Tuesday, February 21, 2012

Evolve Or Die

by Ned Ryun - February 21st, 2012 - American Spectator

This February marks the three-year anniversary of the Tea Party, and with the 2012 presidential election in full swing, many are wondering whether the Tea Party will be a factor in bringing down the Obama presidency and have the ability to drive real government reform. Others are wondering if the movement has run out of gas at the start of the final lap (as a Ryun, I must periodically make running analogies). In all honesty, the answer is both. The Tea Party is at a crossroads in 2012. One route will slowly take it into relative obscurity and the other can lead it to having an even greater impact than it has had already.

Excellent article with some very useful information about the 3 national groups that are using the Tea Party movement for the personal benefit of the egos who are running them. These national groups are a part of the problem. They are not the movement. In fact they in many ways conflict with the movement. However the chaos that allows these groups to act as if they are movement leaders is one key to the growing negative view that many hold about the Tea Party movement and the Republican Party too.

Democrats have hated the Tea Party movement since its inception. Curiously, Republican Party leadership has also hated the Tea Party movement since the earliest elections the movement participated in, shortly after it started. Unless you understand why, it is hard to understand the problems that Ned Ryun is addressing.

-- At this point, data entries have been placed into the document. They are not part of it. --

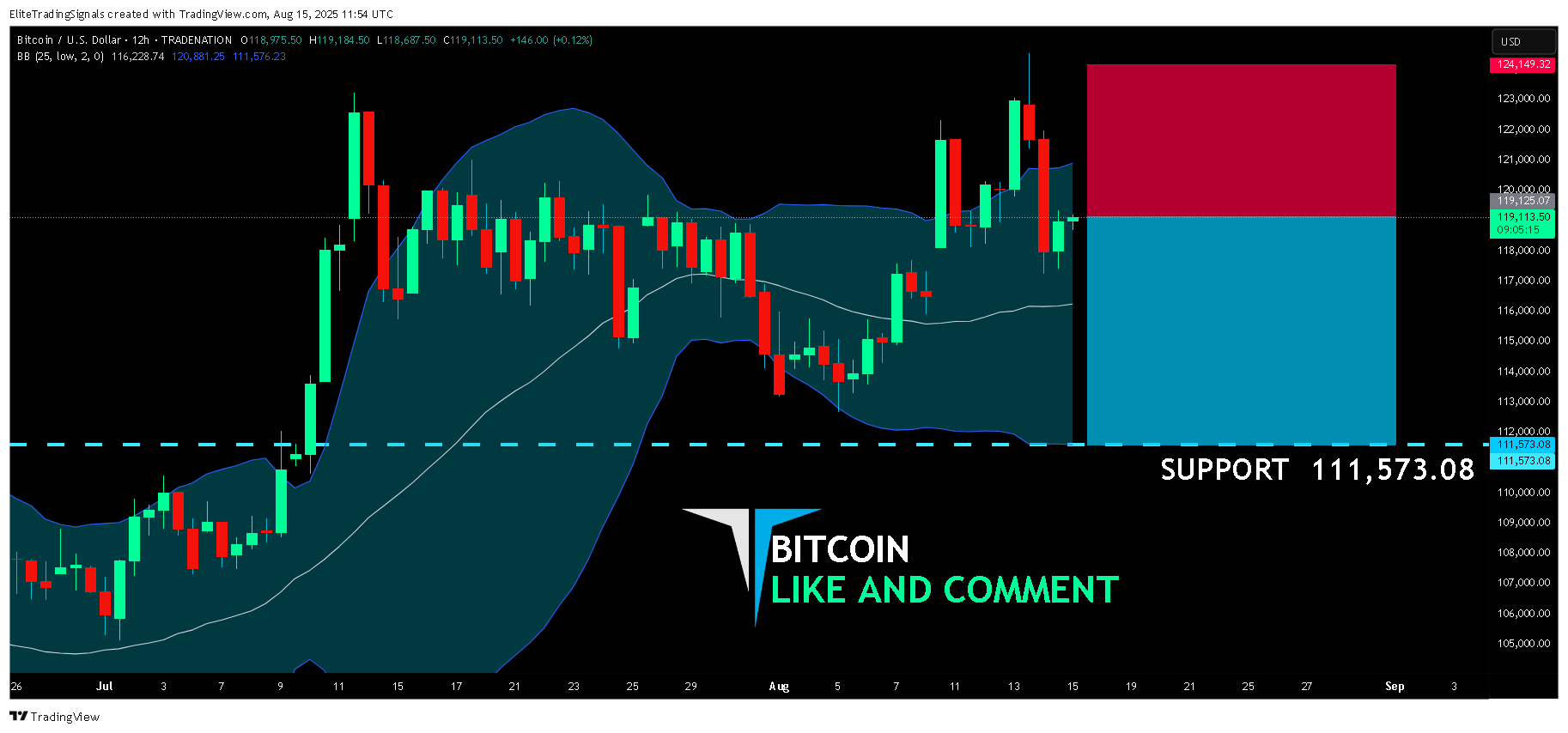 TRADENATION:BTCUSD Chart Image by EliteTradingSignals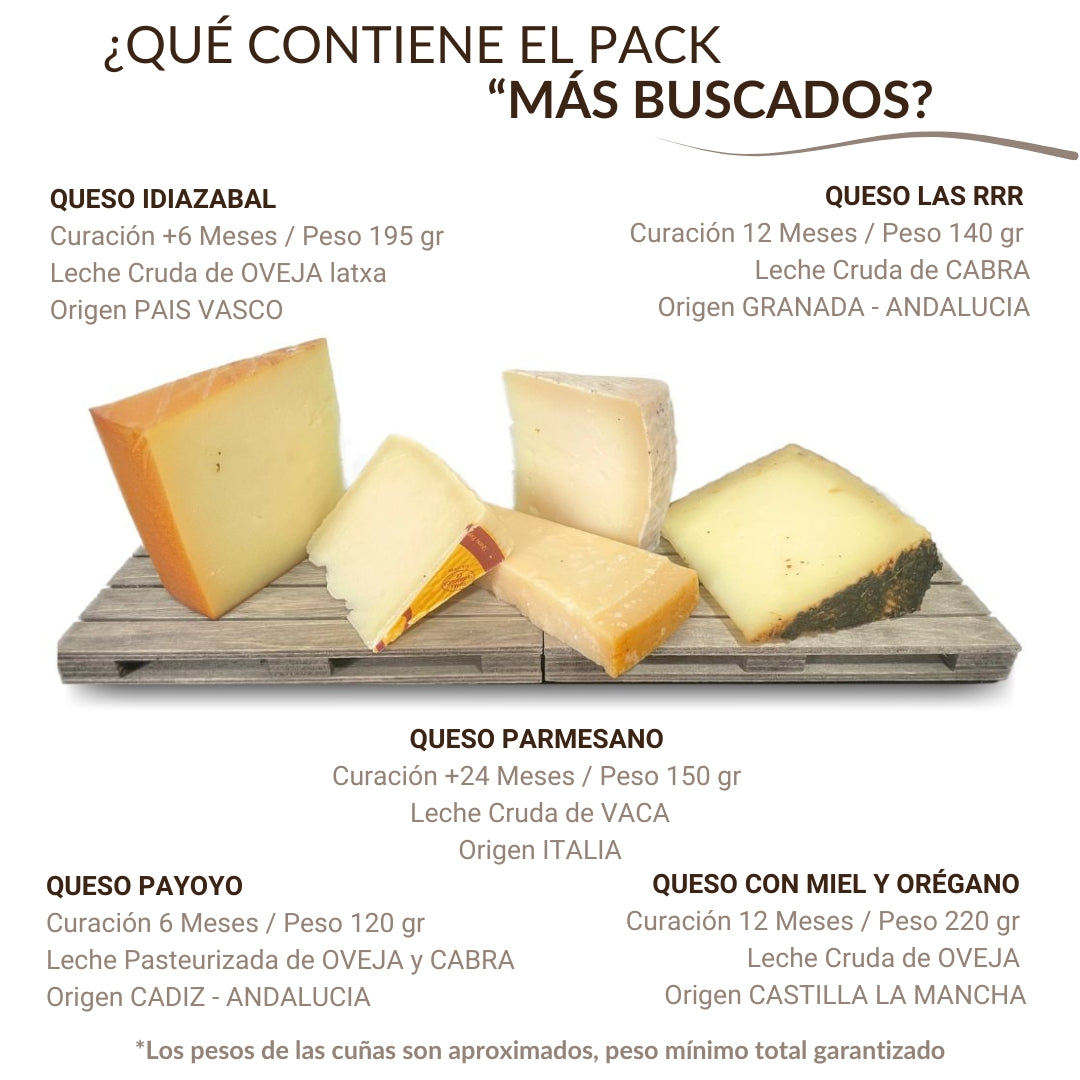 Caja De Quesos Gourmet Regalo | 5 Cuñas Queso Parmesano, Payoyo, Idiazabal, Andaluz Y Con Miel Y Orégano_1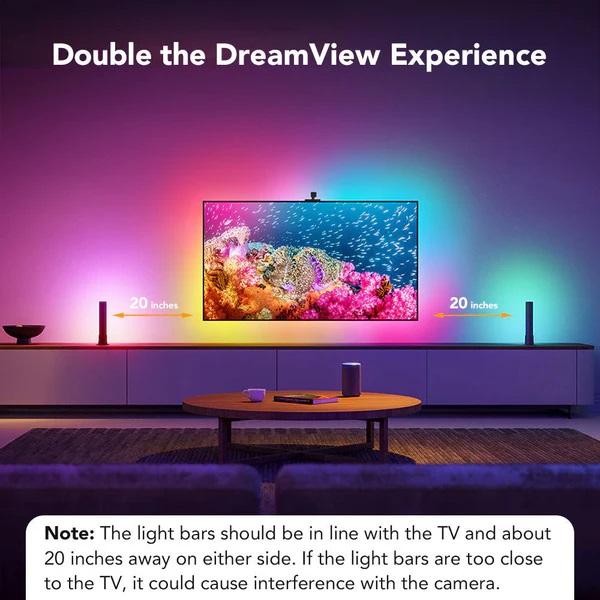 Govee B605B DreamView T1 Pro 電視燈光套裝（LED 燈條+Wi-Fi 電視燈條）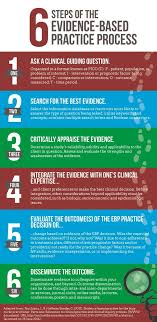 Make These 6 Steps Of Patient Care A Priority Infographic Scrubs The Leading Lifestyle Nursing Magazine Featuring Inspirational And Informational Nursing Evidence Based Practice Nursing Evidence Based Practice Evidence Based Nursing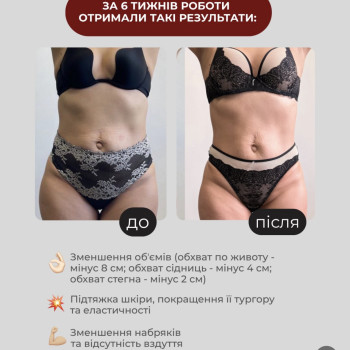 Фото с портфолио Ліліана Петрашенко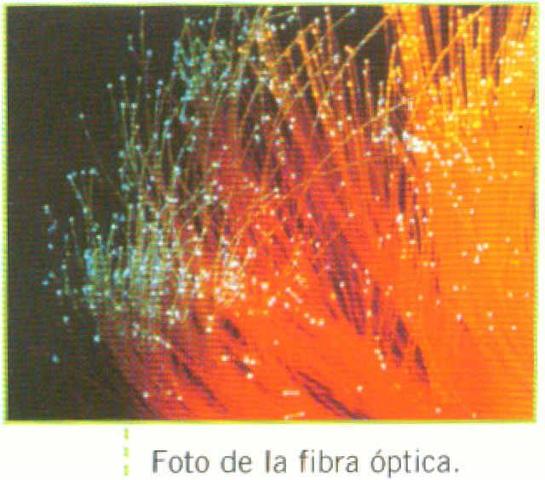 Fibra óptica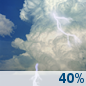 Sunday: A chance of showers and thunderstorms before 1pm. Mostly cloudy, with a high near 84. Southeast wind 5 to 17 mph, with gusts as high as 32 mph. Sunday: Chance Showers And Thunderstorms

However there is one other complicating factor to the hatred aimed at the Tea Party movement. That factor is the visceral hatred by "social conservatives" of anyone who interferes with their long term hijacking of the "conservative" label. Most "social conservatives" are not conservatives at all. They are totally okay with big government, as long as it does not discriminate against their institutions. That is why they became a key component within the "compassionate conservative" wing that Karl Rove and George W. Bush created to steer the party away from conservative principles. Big government programs, heavy involvement in promoting nation building overseas, expanding the so-called safety net with new wasteful entitlements, Wall Street dominated regulatory suppression of small business and tolerance for tax money funneled to both corporations and Christian charities - these were the basis for social conservative enthusiasm for the "compassionate conservative" concept.

None of the above fits in with true conservative principles. One key problem that both the Tea Party movement and the Republican Party are struggling with is the confused identity of the conservative label. We have several wings in both institutions, fiscal conservatives, social conservatives, libertarians, traditional conservatives, Wall Street, neo-conservatives, Constitutional conservatives, populists and moderates. To varying degrees each group claims the conservative label. Even the moderates claim the label when they argue that being pragmatic compromisers does not mean they are not embracing conservative goals!

The meaning of the term "conservative" has been stretched by the various wings that barely fit the traditional definition, yet each wing uses their view of conservatism to berate the other groups, usually using the meaningless term RINO for those who do not agree with their definition. I think the RINO term has become popular so that groups who don't really know what conservative means can label those who disagree with them and not try and defend the actual differences - because they can't.

One group that has been seriously reviled during the growth of the Tea Party movement has been Republican political consultants. With their need to help the campaigns of many candidates who are not purely conservative, these consultants have long since abandoned conservative principles and embraced pragmatism above all. This allows them to structure a winning campaign for candidates who are focused on the acquisition of power rather than the promotion of principles. Political power is important, but not more important that principles.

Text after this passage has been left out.